AI is coming for journalism, among other jobs. Enjoy us while you can

We are told that AI will make life better. But for who, exactly?

Sure, AI could write an article or a book, but where's the soul? Image: Markus Winkler on Unsplash

I’m somewhat obsessed by AI. That’s hardly remarkable. It’s so dominant in our lives that you are probably a bit obsessed too. Because it’s both terrifying in potential and somewhat incomprehensible in the science, it’s the elements around AI that fascinate, as much as what the technology itself does.
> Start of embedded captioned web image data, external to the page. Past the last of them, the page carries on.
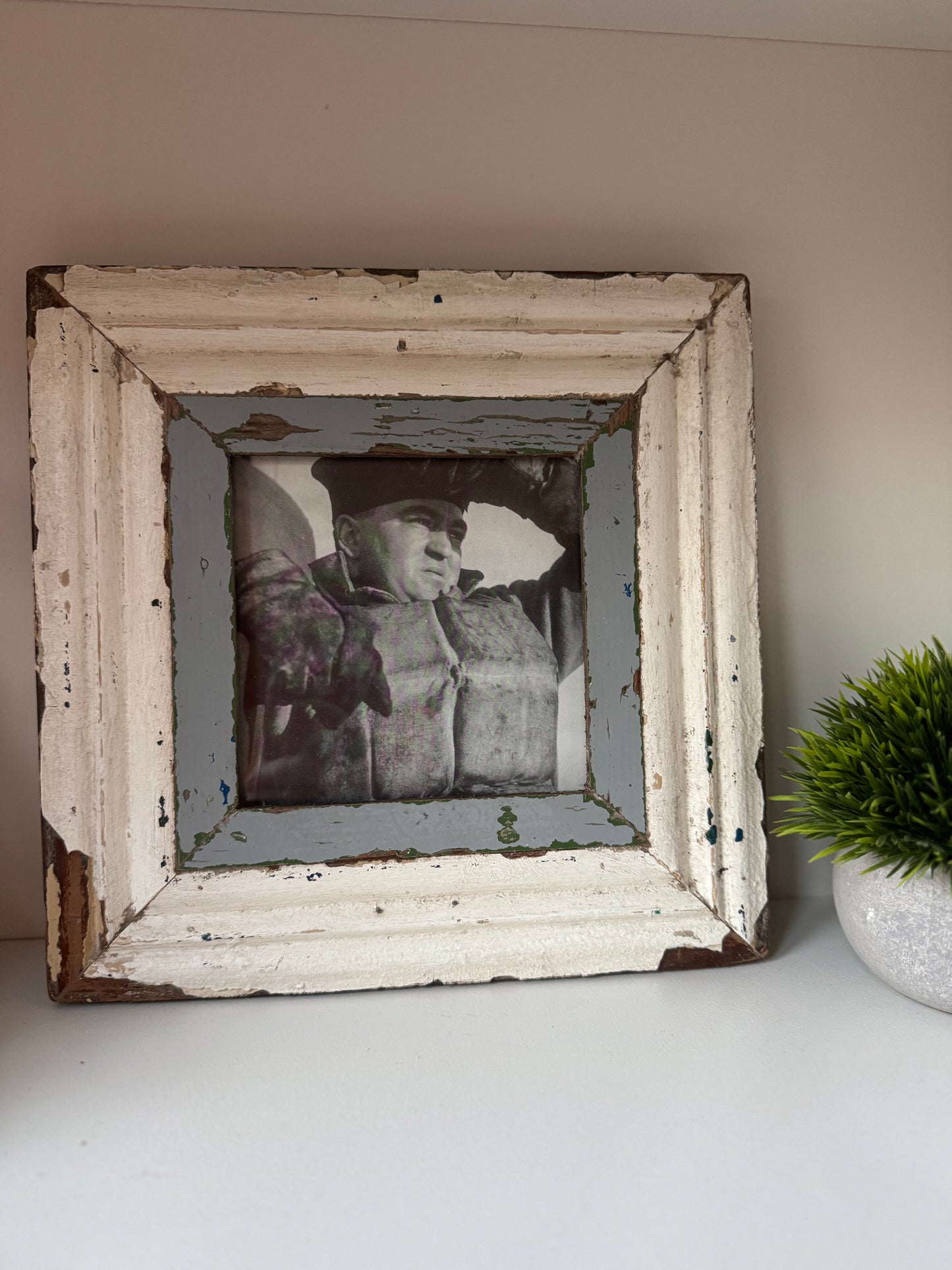 6x6 Salvaged Handcrafted Frame • upcycled picture frames • reclaimed wood picture frames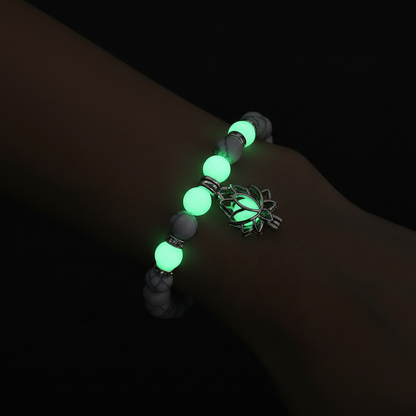 Leuchtendes Perlenarmband - GlowLotus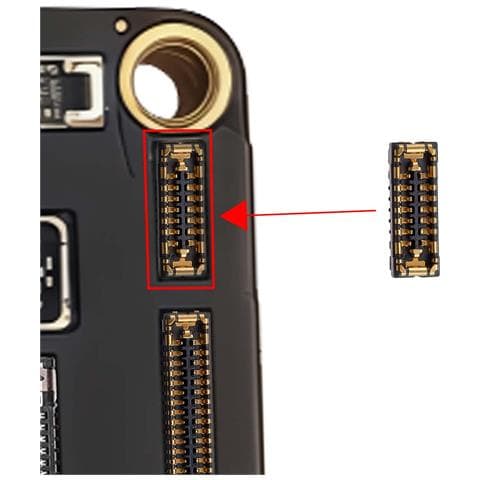 Connettore Fpc Per Iphone 16 Pro / 16 Pro Max Sensore Di Prossimità 10 Pin - Foto 2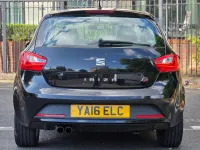 Used Seat Ibiza FR 110 HP (80 kW) 2016 Black Hatchback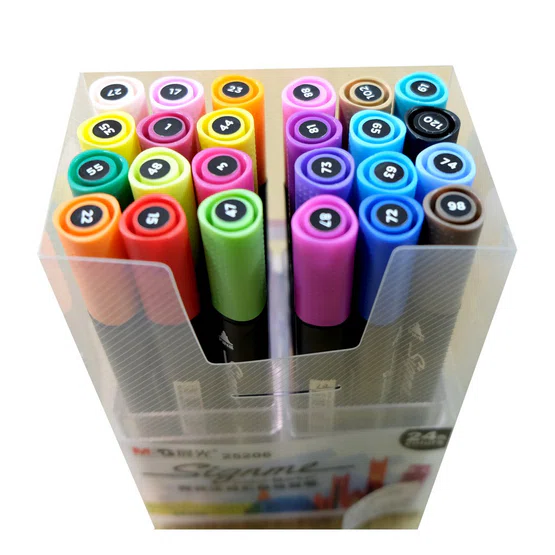 มาร์คเกอร์ Signme marker กล่อง 24 สี APM25206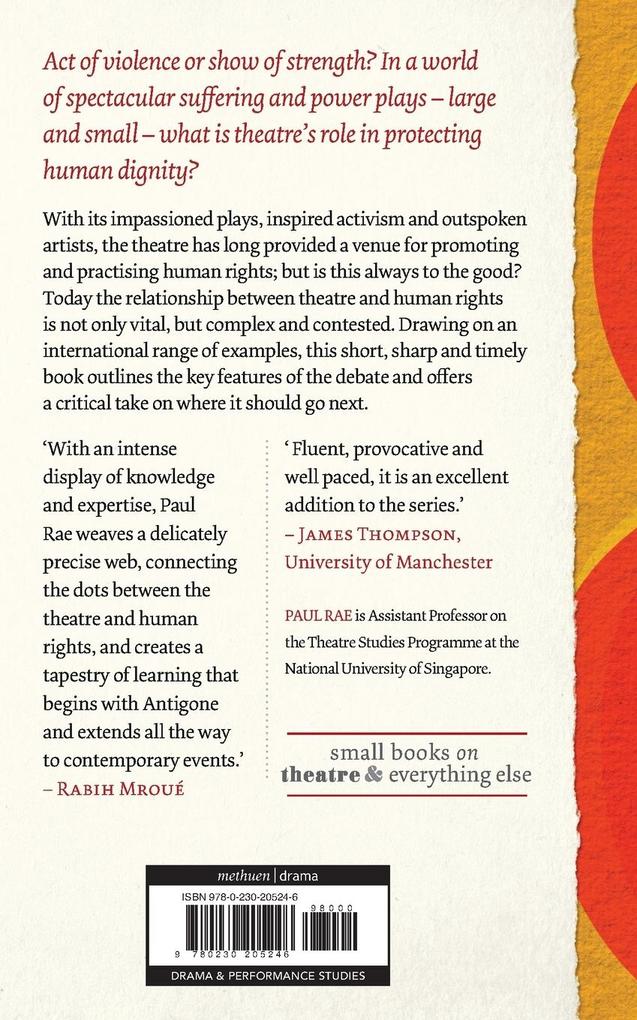 Weitere Ansicht: Theatre and Human Rights | Paul Rae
The growing volume of stories in financial reporting about a correction coming in the traded value of AI stocks are like catnip at present. I get Google alerts about the bubble bursting. That’s AI for you. Though I also get Google alerts for stories with headlines like Tinned Soup Will ‘Taste Better’ If You Add 1 Unlikely Ingredient To Your Saucepan. (No idea why ‘taste better’ is in quotation marks, as if the headline is sarcastically judging. Incidentally, it’s parmesan. Or cream. Or oregano – not really one ingredient in fact. And I heat tinned soup in the microwave, so in your face AI!)

I also had an alert last week that said Scotstoun Pool In Glasgow Closed Amid ‘Unfortunate Incident’. And yes, it’s EXACTLY the sort of ‘unfortunate incident’ you’d imagine would shut a pool. No idea what made AI think I’d appreciate something that leant hard into juvenile, puerile humour.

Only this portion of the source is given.